# What Fantasy or Science Fiction Worlds Would you like To step into And be a Character in?



## BAYLOR (Oct 17, 2020)

This can be a book ,  book series and individual stories  . it can be  films, TV series, Graphic Novels  or Comic book, Computer games ect.  And what sort of Character would you want to be  in the story ?  

It can be many chances as you want.


----------



## JJewel (Oct 17, 2020)

Hmm, 4 options spring to mind..

The obvious is Elric from Moorcocks Champion Eternals, I like the idea of being that bloody minded and destroying a multiverse or...
My fave TV character has always been Avon from Blakes 7, an uncaring psychopath and genius
or a second character from the serious played by Colin Baker of Doctor Who fame.. Bayban the Butcher ("Bayb" to his mother apparently)

In my own books the main bad guy ultimately is an artist called Lufgren Nemii, never appears you just hear about him in passing.


----------



## Vince W (Oct 17, 2020)

I always wanted to be a Fremen in Dune.
I've wanted to retire Replicants.
I could spend a lifetime exploring Ringworld.
I would gladly be a science officer aboard a Federation vessel. Or Romulan.
Bringing justice to the streets of Mega-City One.


----------



## Alex The G and T (Oct 18, 2020)

I think I might actually be a hybrid of Asterix and Obelix.

As for aspirations?  The Stainless Steel Rat.


----------



## Vince W (Oct 18, 2020)

Alex The G and T said:


> I think I might actually be a hybrid of Asterix and Obelix.

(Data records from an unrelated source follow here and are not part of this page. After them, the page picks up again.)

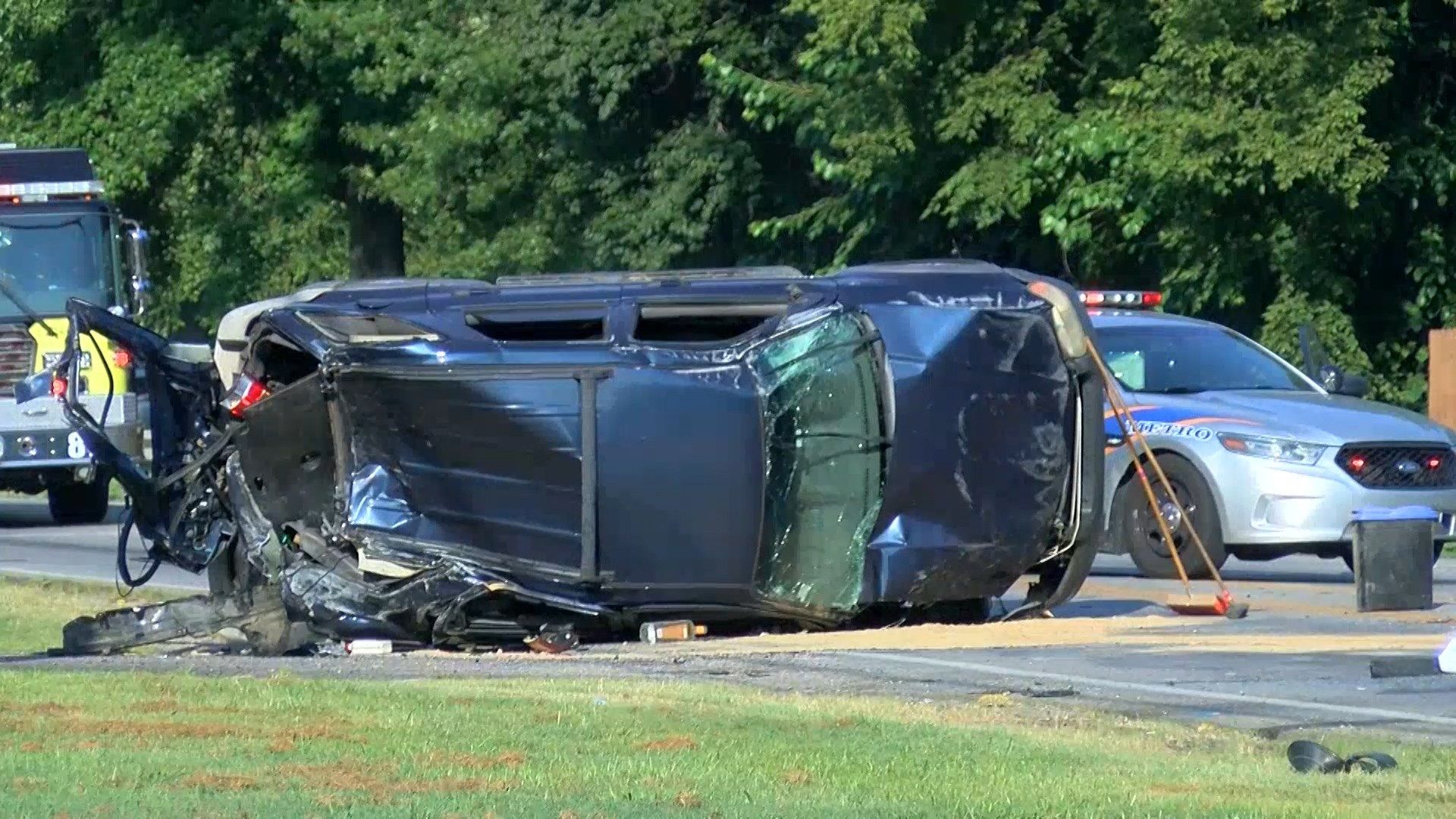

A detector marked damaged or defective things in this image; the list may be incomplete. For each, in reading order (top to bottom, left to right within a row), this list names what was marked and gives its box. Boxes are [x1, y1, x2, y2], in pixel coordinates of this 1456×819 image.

shattered windshield [0, 211, 115, 317]
shattered windshield [1098, 322, 1316, 394]
detached tire [49, 473, 111, 525]
overturned dark vehicle [25, 259, 1104, 655]
damaged front end [31, 264, 1104, 658]
shattered windshield [752, 311, 886, 610]
detached tire [1116, 455, 1225, 582]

So you have a large yellow moustache and eat wild boar voraciously?


----------



## Astro Pen (Oct 18, 2020)

Probably Ransom in Ballard's _The Drought _or possibly Kerans in _The Drowned World_
The psychogeography of Ballard's apocalyptic worlds rather suits my loner personality. It's as though he crafted these places for me to find myself. A direct link between my spirit and the world, no longer constrained by society. I can also identify with the protagonist of "_The Terminal Beach_". Ballard knows my inner mind.


----------



## Vince W (Oct 18, 2020)

I wouldn't mind being an operative for Contact or Special Circumstances.


----------



## Guttersnipe (Oct 19, 2020)

Ever since I was a kid, I wanted to be a good mutant who went to Xavier's.


----------



## TomMazanec (Oct 19, 2020)

I'm something of a Furry, so I would like to be in S. Andrew Swann's Moreau Universe...not as a major character, but as someone trying to promote moreau rights.


----------



## Vince W (Oct 19, 2020)

I loved Swann's Moreau books. I always thought they deserved to be adapted.

I'd like to spend a night on the lash with Lister slagging Rimmer.


----------



## .matthew. (Oct 19, 2020)

Vince W said:


> I'd like to spend a night on the lash with Lister slagging Rimmer.

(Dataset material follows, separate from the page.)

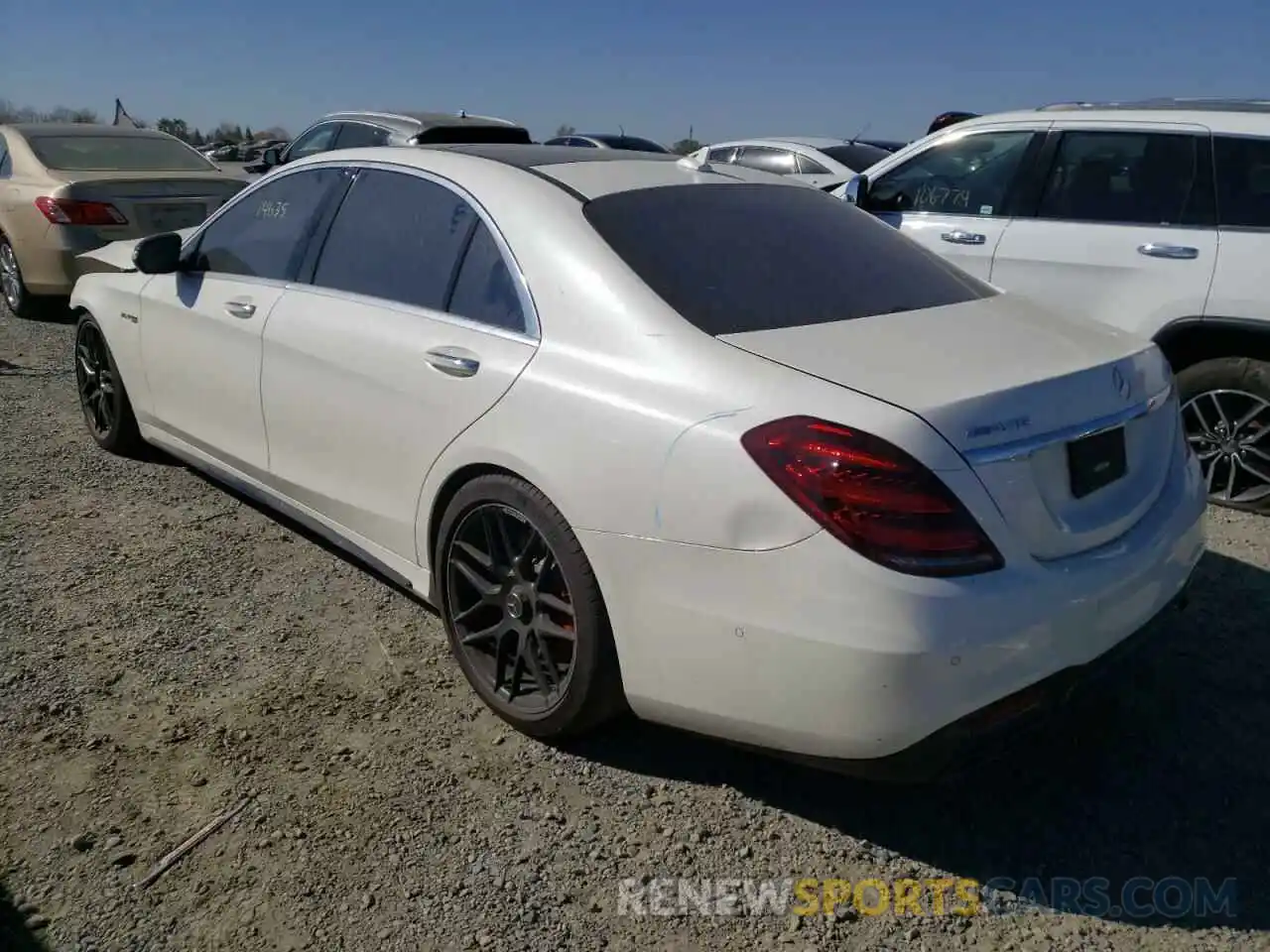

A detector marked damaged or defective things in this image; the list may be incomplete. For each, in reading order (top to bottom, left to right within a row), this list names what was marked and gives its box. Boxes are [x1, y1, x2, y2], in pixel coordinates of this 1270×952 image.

I totally misread that, but now totally approve 

There are just too many good options to choose from really. I suppose if you're talking lifetime commitment to a part, you can't go wrong with wizard of some sort though. They have the beards and the staffs with knobs on afterall.


----------



## Narkalui (Oct 26, 2020)

I also would enjoy a night on the tiles with Lister and Cat.

But my first choice is boring: an Earth based Federation civil servant (a filing clerk perhaps) during a time of extended peace for the Federation. With enough income that I can take my leave on Risa (provided I can land in a shuttle - no one is beaming me anywhere!)


----------



## Vince W (Oct 26, 2020)

Narkalui said:


> I also would enjoy a night on the tiles with Lister and Cat.
> 
> But my first choice is boring: an Earth based Federation civil servant (a filing clerk perhaps) during a time of extended peace for the Federation. With enough income that I can take my leave on Risa (provided I can land in a shuttle - no one is beaming me anywhere!)


Whereas I would want to be the captain of my own ship plying the skies, getting into scrapes and generally misbehaving. Hmmmm... I may be confusing my universes.


----------



## Vladd67 (Oct 26, 2020)

Alex The G and T said:


> As for aspirations?  The Stainless Steel Rat.


Love the Stainless Steel Rat books, I even have a stainless steel Rat tattooed on my arm, actually, its more biomechanical but the intention was there.
I have always wanted to know more about Star Trek's Department of Temporal Investigations, so would probably like to be an agent of theirs.


----------



## Bick (Oct 27, 2020)

I would like to;

Be a ranger of the North in the second age, or
Be Philip Lynx, travelling the Commonwealth with my pet minidrag, or
Be able to explore Chalker's well-world, or
Get to hang out in Ankh-Morpork and explore the discworld, so long as I have smelling salts or a nosepeg to hand.


----------



## Bick (Oct 27, 2020)

Vince W said:


> I always wanted to be a Fremen in Dune.
> I've wanted to retire Replicants.
> I could spend a lifetime exploring Ringworld.
> I would gladly be a science officer aboard a Federation vessel. Or Romulan.
> Bringing justice to the streets of Mega-City One.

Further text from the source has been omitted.